Old Mission postcard: land protection taxes benefit farmers – and neighbors
In a land with vistas that put a postcard to shame, residents of Old Mission Peninsula have twice voted to tax themselves so that cherry orchards and vineyards stay that way.
The immediate beneficiary: Farmers that might otherwise sell to real estate developers eager to capitalize on the peninsula's scenic charms. They get a check for their property's development market value in exchange for guaranteeing the land will remain agricultural.
Thus far, some 6,000 acres of Peninsula Township's 18,000 acres have been preserved through this program and other conservation measures. That represents about two-thirds of its agricultural land.
And while it could be termed yet one more version of agricultural subsidy, many residents believe they profit in this equation as well.

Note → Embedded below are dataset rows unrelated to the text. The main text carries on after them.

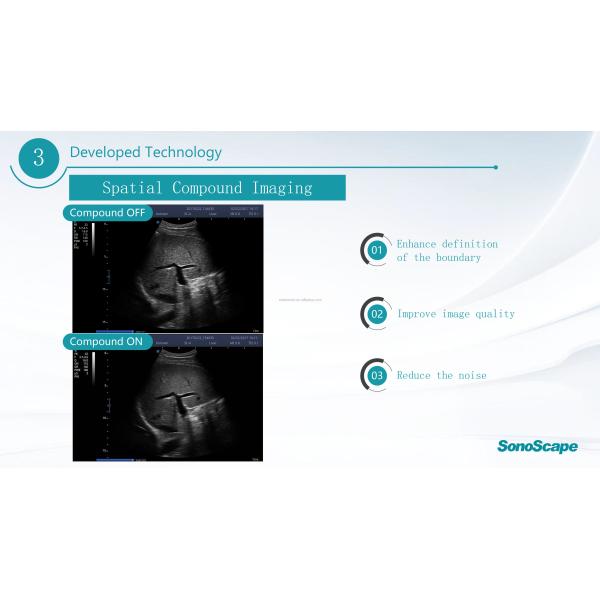 MSK Ultrasound TDI CW Color Sonoscape E2 E3 & Sonoscape E1 Usg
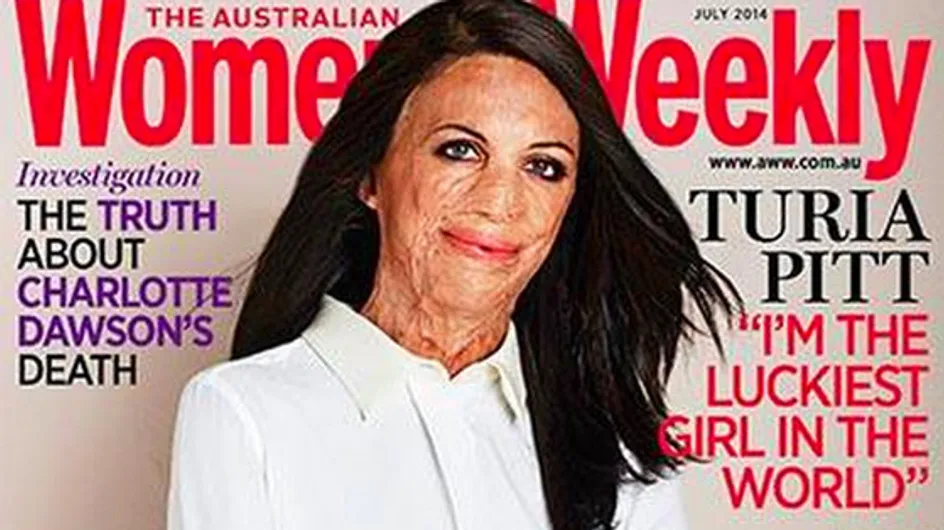 Turia Pitt, grande brûlée, en couverture d'un magazine féminin australien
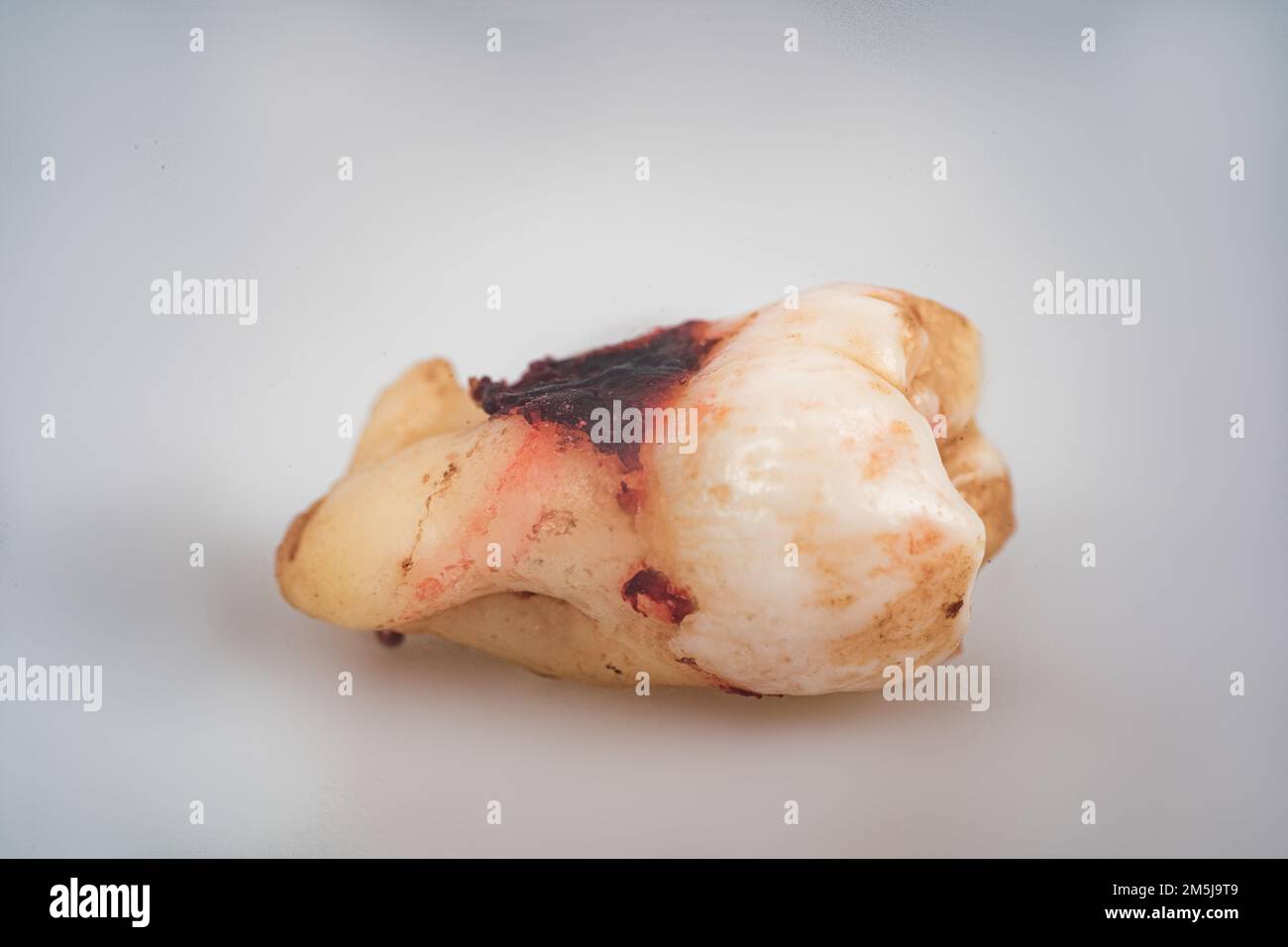 Human wisdom tooth isolated on gray background. Dentistry concept. Macro photo of a wisdom tooth close up Stock Photo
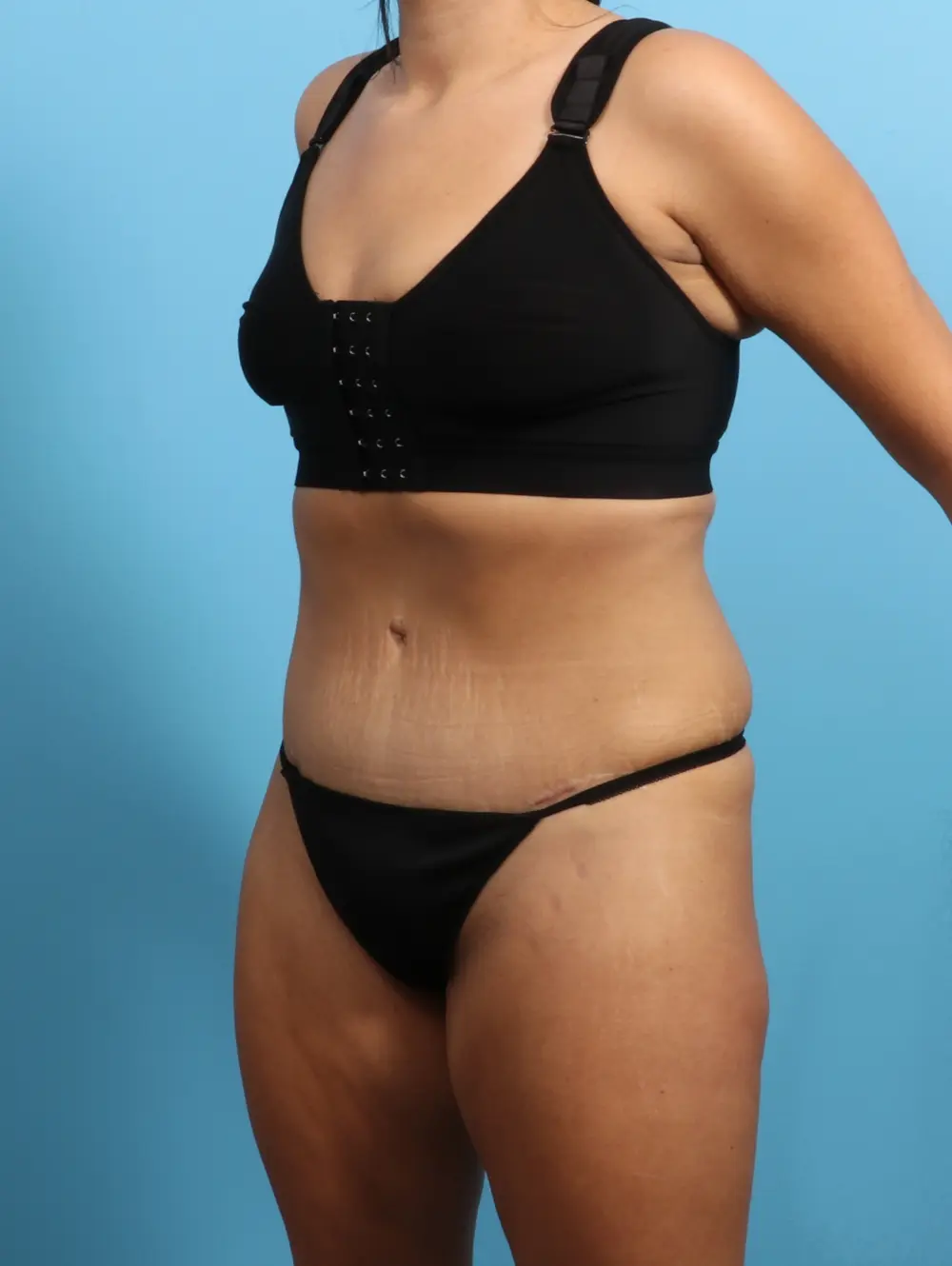 Tummy Tuck Patient Photo - Case 25149 - after view-1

“You are preserving what you moved out here for,” said Mark Nadolski, a realtor who migrated to the peninsula from suburban Detroit in 1973. “You move here for a reason, to preserve the beauty, to look at the farmland. It's a no-brainer to save that. As a realtor, I probably lost some money in not promoting development. But at the same time, I can sleep at night.” Shaped by glaciers, the 16-mile-long peninsula juts like a finger into the blue-green waters of Grand Traverse Bay just north of Traverse City. The same geographic traits that define its beauty also explain its value to fruit farmers: The temperate surrounding waters form a protective micro-climate, while its spine-like central ridge drains cold air from crops.
The first cherry orchard was planted in 1852, foretelling what would become the peninsula's primary crop. Concentrated on the peninsula and surrounding region, Michigan farmers grow 75 percent of the nation's tart cherry crop.
But back in 1994, no one was quite sure how voters would respond when they were asked to approve 1.25 mills over 15 years to raise an estimated $2.6 million. Officials estimated it would be enough to preserve 2,000 acres.
“The survey that we commissioned said that we would have a close vote. It was a crap shoot,” recalled Rob Manigold, a lifelong peninsula resident and township supervisor since 1988.
But by a margin of 53 percent to 47 percent, they said yes. It was the first such approval in the Midwest and launched the most successful program of its type in the state.
Prior to the vote, Manigold said, there had been growing concern that encroaching development would mar the quality of this rural community, which had a population of 5,533 in 2010.
That was amplified by the sale of a farm along the peninsula's main highway and its conversion to a housing development, he recalled. Just a few months before the vote, residents could see workers burning brush as they cleared the land.
“It was being bulldozed and put into subdivisions. People would call up and say their kids were crying when we drove by. That kind of hit home,” he said.
According to the Land Trust Alliance, a Washington D.C.-based nonprofit conservation organization, a researcher queried 23 longtime farm families on the peninsula prior to the vote. All but two said they would like to pass their farm on to their children but that costs had gotten so high their children couldn't afford to buy it.
In 2002, voters approved a second millage, adding .75 mills and extending both millages to 2021. This time, nearly 60 percent approved.
Bern Kroupa, a cherry farmer with a couple hundred acres, figures the peninsula would look a lot different today without it.
“We would probably have a lot more of what I call wildcast housing, helter-skelter, unplanning incursions into farmland. They usually don't work well together. It would have been a dispiriting and ugly landscape.”
Realtor Nadolski recalled that he moved from Farmington Hills, a community which has undergone significant change since he lived there.
“What could have happened here happened down there. It was farms, wetlands, open land. Now it is a concrete jungle, buildings and highways.”